Companies that seek to procure capital have a multitude of options to finance their business in Germany. The first one to turn to is usually to talk to the company’s house bank, even though bank loans are regularly associated to granting of substantial collaterals by the borrower. Especially startups regularly tend to opt for the issuance of shares to business angels and venture capitalists. A third option is the funding of projects via the capital markets. If the owners of the capital-seeking business do not want to issue company shares to potential investors, they also have the option to publicly offer debt instruments. In this case, investors receive interest and a repayment claim at the end of the duration against the issuing company in exchange for the temporary granting of capital. The specifics of such an offer can be designed in various ways. While most of the aforementioned debt products are regulated as securities, there is also a specific regulatory regime for products that are designed in a certain way – the Asset Investment Act (VermAnlG).

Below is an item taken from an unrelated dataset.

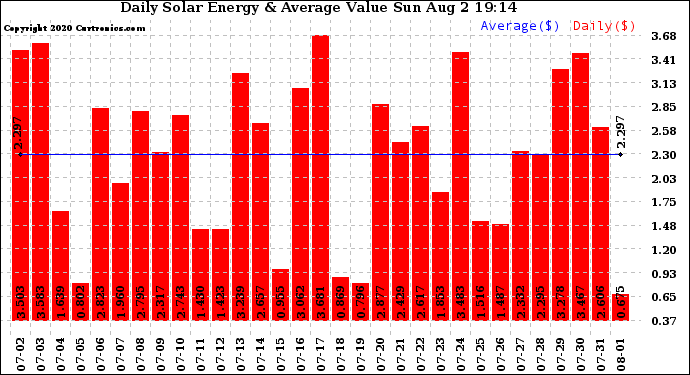 Solar PV/Inverter Performance Daily Solar Energy Production Value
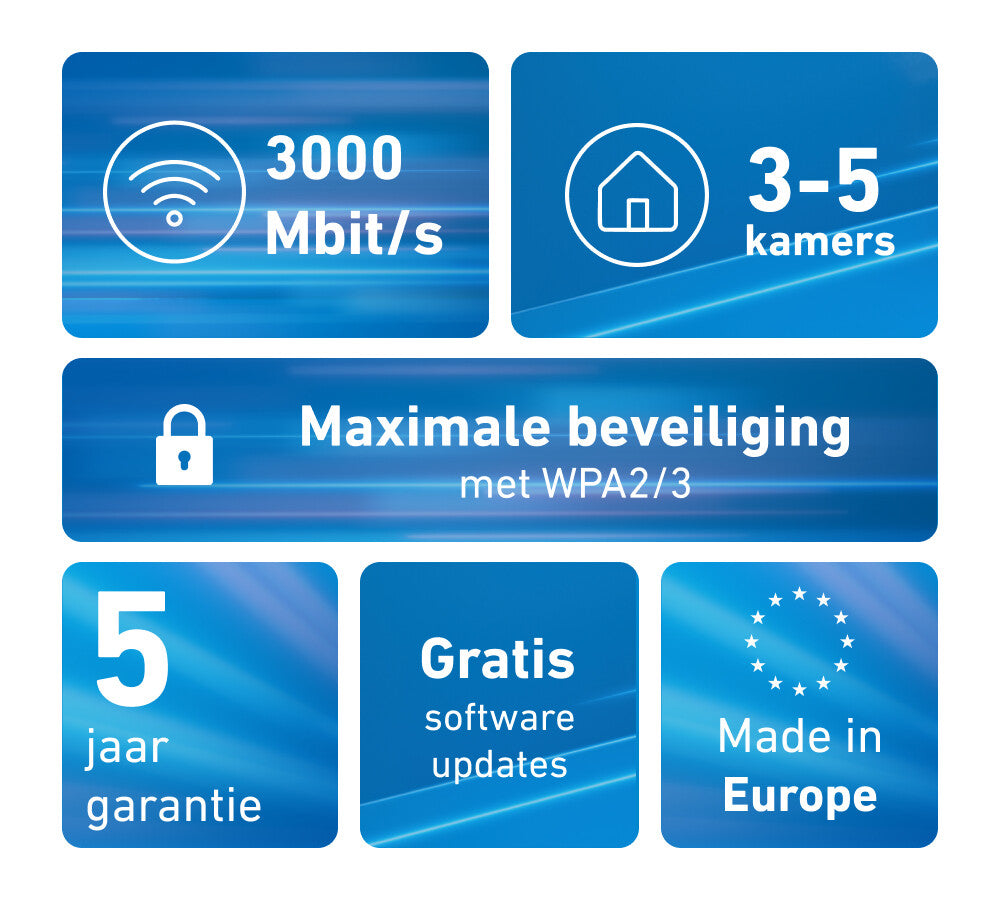 Mesh Set FRITZMESH SET 1600 2-PACK EDITION INTERNATIONAL Dual-band (2.4 GHz / 5 GHz) Wi-Fi 6 (802.11ax) Rood, Wit Intern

WHAT ARE ASSET INVESTMENTS AND HOW DO THEY DIFFER FROM SECURITIES?
Asset investments can only be investment products that are neither regulated as securities by the EU prospectus regulation nor as shares of an investment fund by the German Capital Investment Code. It is furthermore required that the acceptance of the investors’ money by the issuer cannot be qualified as a deposit-taking business and therefore as a banking service pursuant to the German Banking Act (KWG). Historically speaking, these products were the investment options on the grey capital market. The term grey capital market was used to refer to investment possibilities, which while legal were not specifically regulated, so that issuers of such products were not subject to prospectus obligations for the public offering. The German legislator intended to regulate products of the grey capital market with the Asset Investment Act and subjected issuers and distributors of asset investments to transparency, publications and conduct obligations. Since then, limited partner´s shares, trust shares, subordinated loans, unsecuritized participation rights, registered bonds and direct investments are all regulated accordingly in Germany. A key characteristic of asset investments is that they are limited in their tradability as well as their transferability. Therefore, they used to be interesting primarily for private and not so much for institutional investors.
WHAT ARE THE ADVANTAGES AND DISADVANTAGES OF ASSET INVESTMENTS?
There used to be a considerable market in Germany for products of the grey capital market especially prior to the introduction of the Asset Investment Act. The legislator decided to allow financial asset intermediaries, that do not need authorization by BaFin pursuant to the KWG to continue to distribute these products, not least because he intended to protect the existing market infrastructure. Asset investments can therefore be distributed in Germany on the basis of a mere authorization for financial asset distribution pursuant to the German Industrial Code. Such an authorization can be obtained far easier than an authorization for investment brokerage in accordance to the KWG. Furthermore, there is still a considerable amount of financial asset intermediaries in Germany that can be commissioned with the distribution of asset investments. A disadvantage of asset investments on the other hand is the fact, that the Asset Investment Act is a purely national regulation, meaning that asset investments that are based on the provisions of the German Asset Investment Act can only be distributed on the bases of the corresponding asset investment prospectus within the German borders.
WHAT ARE THE ADVANTAGES THAT TOKENIZATION HAS TO OFFER TO ASSET INVESTMENTS?
Tokenization can have considerable advantages for asset investments because it allows for an embodiment of the shares of that product class. Because of the necessary distinction to securitized securities, asset investments are traditionally designed as direct and immediate contracts between the issuer and the investor which stipulate the connected rights and obligations. An embodiment in e.g., a bond certificate was not possible. With the option to embody asset investments in tokens, this product class can now potentially also be interesting for institutional investors. Because of their investment guidelines, institutional investors are usually dependent on their investments being held in custody by a third-party, so that they can provide auditors with third-party deposit statements enabling the auditors to vouch for the portfolio. These deposit statements could be issued by crypto custody institutions for tokenized asset investments. Investment products that are intended to be offered via a vast distribution network to private and institutional investors could therefore profit from a design as an asset investment.